Stratigraphically, the deep petroleum reserves are largely confined to five reservoir intervals: Neogene (hosting 22.3% of the total), Upper Paleozoic (22.2%), Cretaceous (18.4%), Paleogene (12.8%), and Jurassic (12.8%).

The concentration of deep petroleum reserves in the Jurassic-Tertiary reservoir rocks may be a direct result of widespread availability of more effective source rocks in these stratigraphic intervals.

There exists an objective similarity in the stratigraphic distribution of generated and trapped original reserves for both deep and shallow-intermediate petroleum.
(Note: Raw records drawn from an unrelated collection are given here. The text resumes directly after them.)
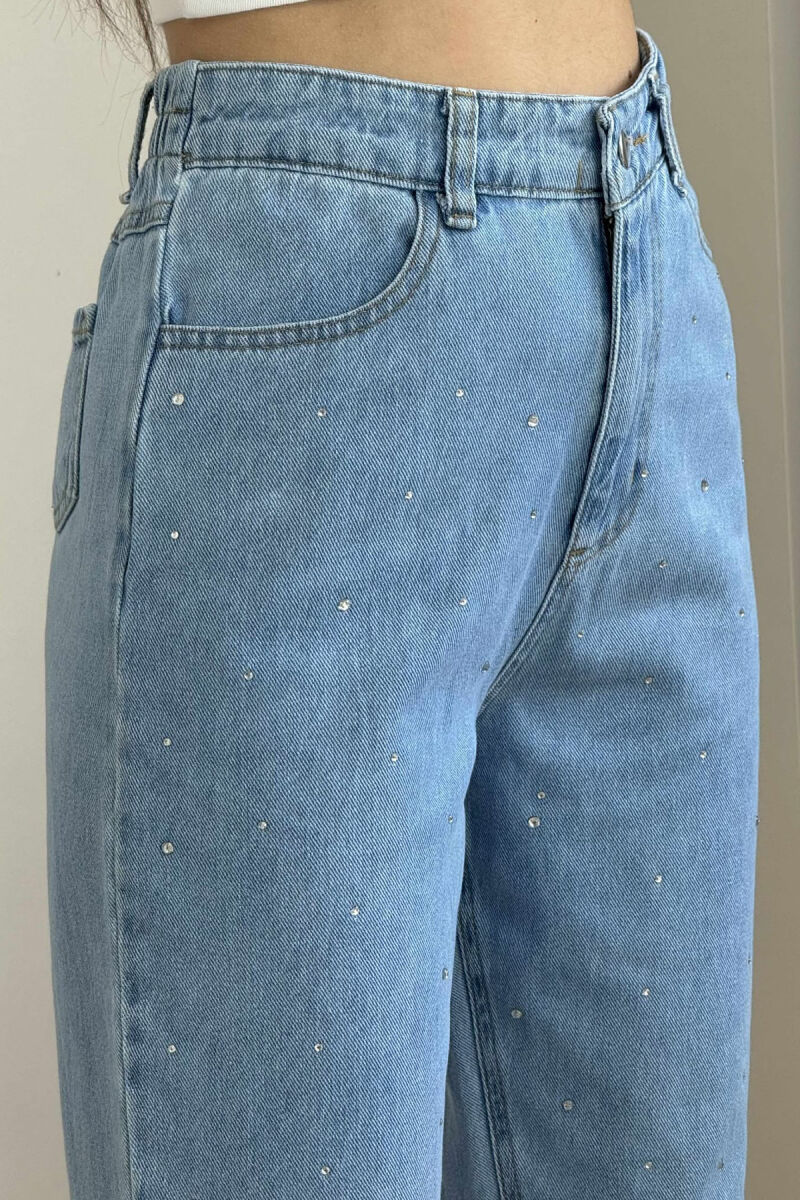SEMI ELASTIC WAIST DIAMOND DETAILS WOMEN JEANS LIGHTBLUE/BZ - 5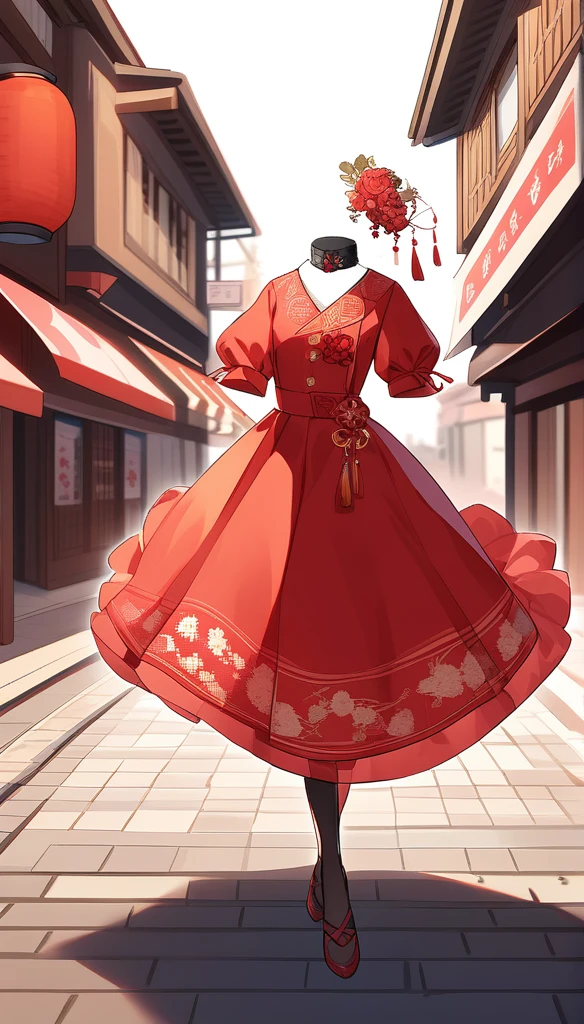 A floating, elegant red traditional dress with floral patterns, suspended in the middle of a vibrant Chinatown street. The dress features a black collar and cuffs, with a flowing skirt, gently spread as if caught in motion. The background shows a typical urban scene with Chinese signage, restaurants, and shops, set in a busy city street.
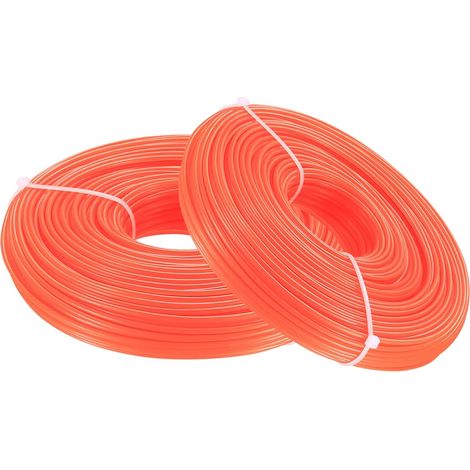 2 Rollen 2,0 Mm X 50 M Freischneiderfaden, Nylon Für Rasentrimmerfadenaufroller, Orange, Insgesamt 100 Meter -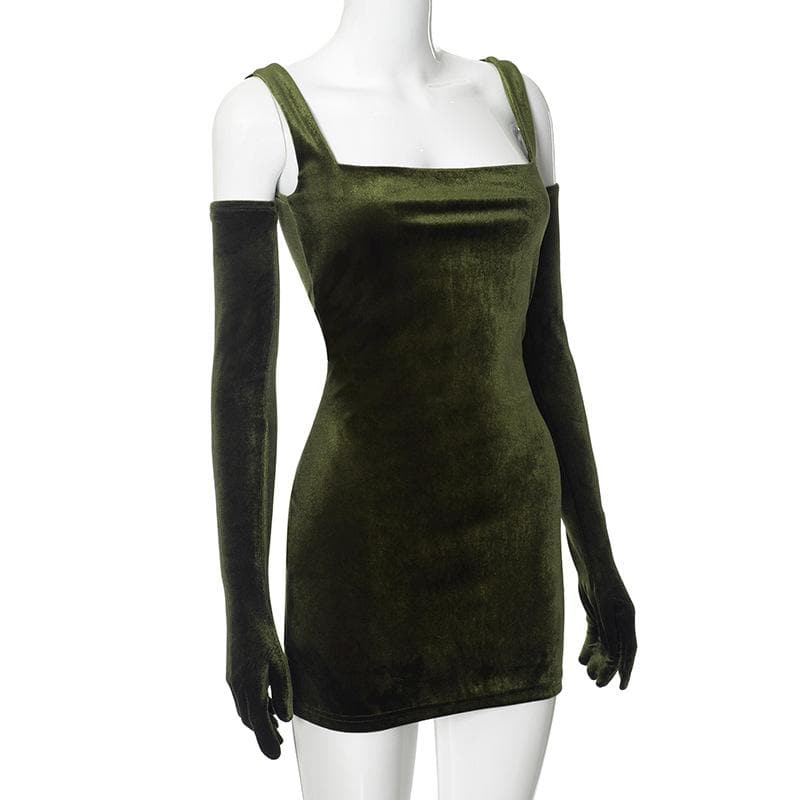 Velvet sleeveless gloves solid square neck mini dress - View 3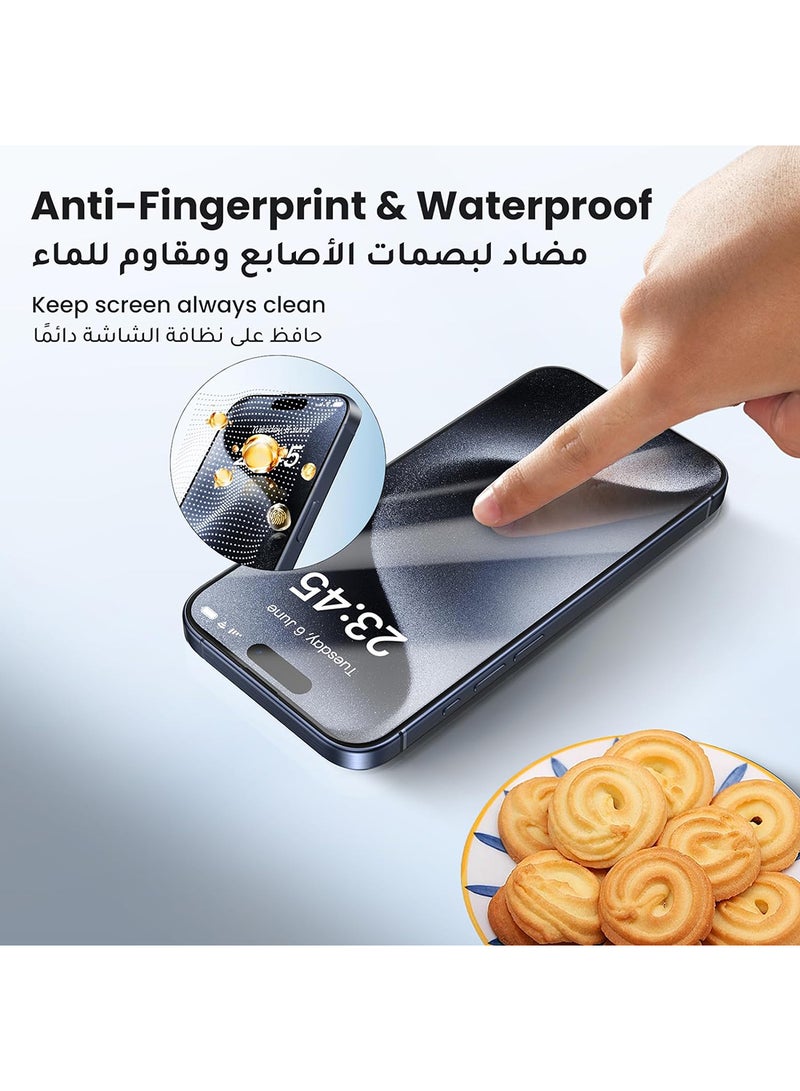 يو جرين واقي شاشة iPhone 15 Pro، تغطية كاملة، إطار سهل التركيب، حماية من الدرجة العسكرية، شفاف عالي الدقة، مضاد لبصمات الأصابع، خالٍ من الفقاعات، طبقة من الزجاج المقوى لهاتف iPhone 15 Pro 6.1 بوصة - عبوتان - Image 4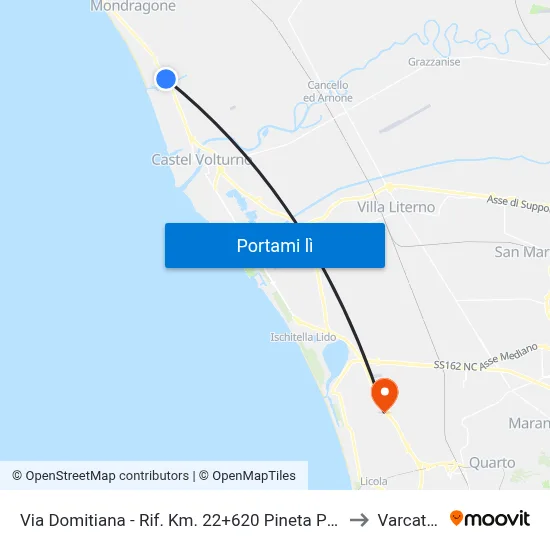 Via Domitiana - Rif. Km. 22+620 Pineta Prisconte to Varcaturo map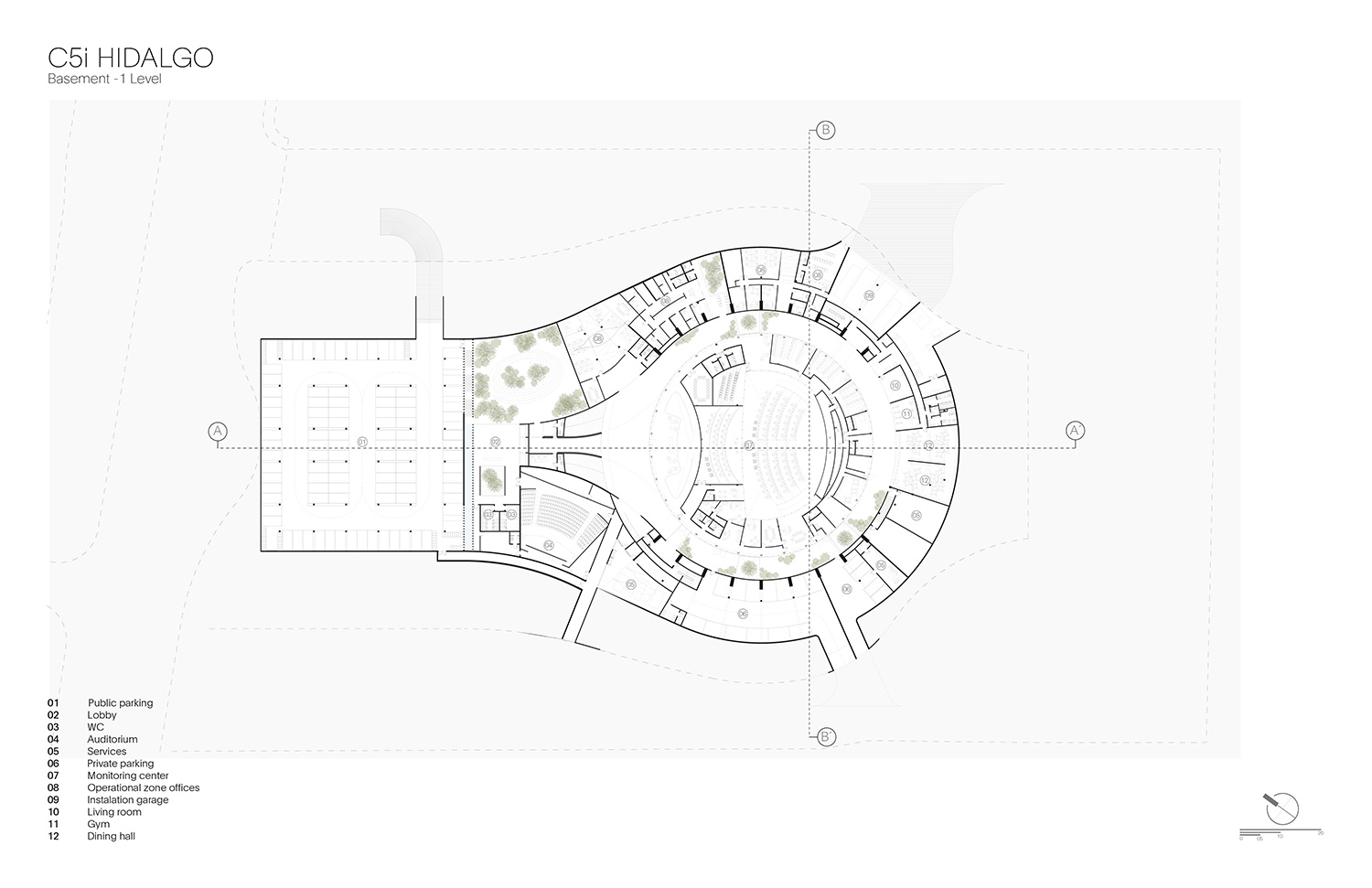 sordo madaleno arquitectos plans C5i hidalgo security center in mexico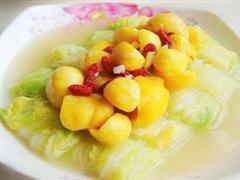 栗子扒白菜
Therefore, we suggest that deep petroleum exploration should target the play fairways where substantial shallow-intermediate petroleum reserves have already been discovered.

Introduction

Deep petroleum is defined as oil and-or gas occurring in reservoirs at burial depths of no less than 15,000 ft (about 4572 m).1

Exploration for deep oil and gas accumulations deserves more specialized attention, not least because these petroleum accumulations widely occur in the deep parts of sedimentary basins on a global scale. Compared to shallow-intermediate petroleum, exploration of deep petroleum is an issue involving both commercial and scientific challenges.

Efficiently locating deep hydrocarbons depends on understanding geological characteristics of deep sedimentary basins (or deep reservoirs), continued advances in drilling and completion technologies, and associated finding costs.1-4

Studies of deep oil and gas have been going on for a long time. Perhaps the latest and most detailed exercise was that by Dyman et al.1 Their discussion of estimated mean quantities and location of worldwide deep petroleum resources focused more on undiscovered conventional natural gas and its regional distribution. In this study, the primary measure is barrels of oil equivalent (BOE) of original petroleum reserves, which are separated into oil, gas, and condensate where appropriate. Unconventional resources are not counted.

In this study, excluding the US onshore Lower 48 states, we have identified 87 major deep sedimentary basins containing discovered deep petroleum (Fig. 1). The identified amount is the original proved plus probable (2P) reserves of deep oil, gas, and condensate.

Rather than attempting an encyclopedic coverage of these productive basins, we analyze general geological characteristics of deep petroleum accumulations such as hydrocarbon types, reservoir rocks, and trap types. Maps constructed on a global scale illustrate the regional distributions of deep oil and gas accumulations and deep sedimentary basins.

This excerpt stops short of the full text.